Das bedeutet aber nicht, dass Ortrud und die anderen Helfer nichts über die Menschen wissen, die in die Tafel kommen. Im Gegenteil: Sie merken sich, dass die syrische Familie kein Schwein isst, also bekommt sie Hähnchen. Sie wissen, dass der allein stehende Rentner gerne Thunfisch isst und nicht so schwer schleppen kann und dass sich der russische Herr über eine große Packung Eier für seine sechs Kinder freut. "Ich bin jedes Mal gerne hier", sagt er, als ihm Ortruds Nebenmann Marcel (34) die Großpackung direkt entgegenstreckt. "Alle sind so freundlich."
Auch wenn es sich für die Bedürftigen wie ein Schlaraffenland anfühlt, wo jeder Wunsch erfüllt wird - Hauptsache lecker: Es gibt kaum Fertigprodukte, stattdessen so viele frische Lebensmittel wie möglich. Für einen Obolus von 2,50 Euro bekommt eine vierköpfige Familie einen vollen Einkaufswagen. "Im Supermarkt würde man dafür über 100 Euro zahlen.", erklärt Ortrud. "Genau das ist der Grund, warum wir nicht zu spendabel sein dürfen. Gerade wenn Kunden neu sind, müssen wir hart bleiben, damit niemand zu gierig wird." Ihre ernste Miene erhellt sich. "Und wenn sie das verstanden haben, dürfen wir auch herzlich sein."

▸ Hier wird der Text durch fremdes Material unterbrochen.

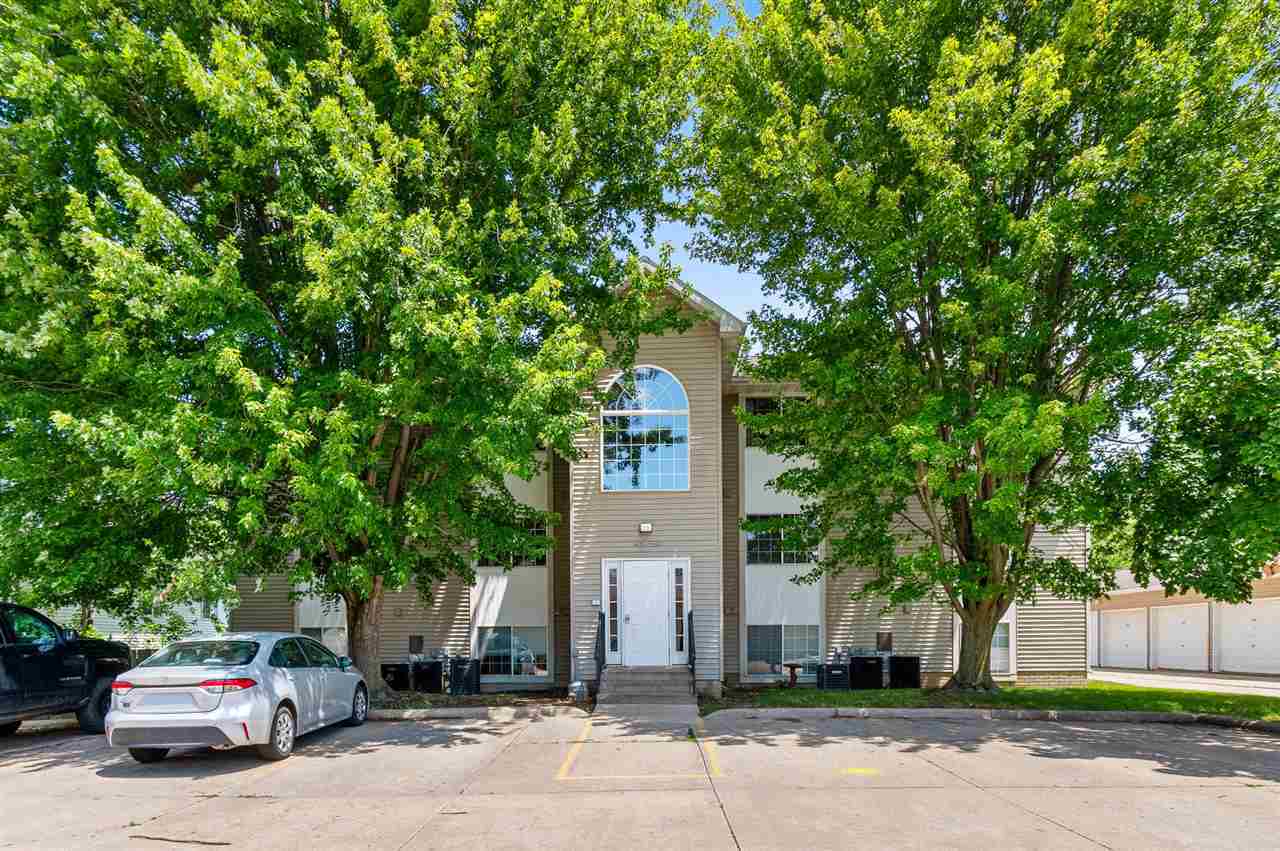 Property Photo: 186 Elm Ridge Dr IA 52317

Woran sie erkennen, das jemand neu ist? "Diese Kunden haben meist zu wenig Taschen dabei", meint Marcel und grinst. Etwa 200 Bürger haben den Coburg-Pass vom Sozialamt, der sie berechtigt, in der Tafel einkaufen zu gehen. Rechnet man Ehepartner und Kinder dazu, ergibt das rund 500 Bedürftige. "Wir haben Aufstocker. Junge Menschen, die voll berufstätig sind und denen das Geld nicht reicht oder alte Menschen, die ihr Leben lang gearbeitet haben und nicht von ihrer Rente leben können", berichtet Ortrud. "So etwas dürfte nicht sein."
Auf der anderen Seite fährt regelmäßig ein junger Mann im noblen Mercedes vor, der seinen Bedarfsausweis vorzeigt und in der Tafel einkauft. Ortrud urteilt nicht. Das, sagt sie, wäre müßig. Lieber freut sie sich darüber, wenn ihr eine Kundin aus Dankbarkeit eine Tafel Schokolade mitbringt. Ablehnen könne sie so ein Geschenk nicht. "Diejenigen, die am Wenigsten haben, geben am meisten. Das war schon immer so."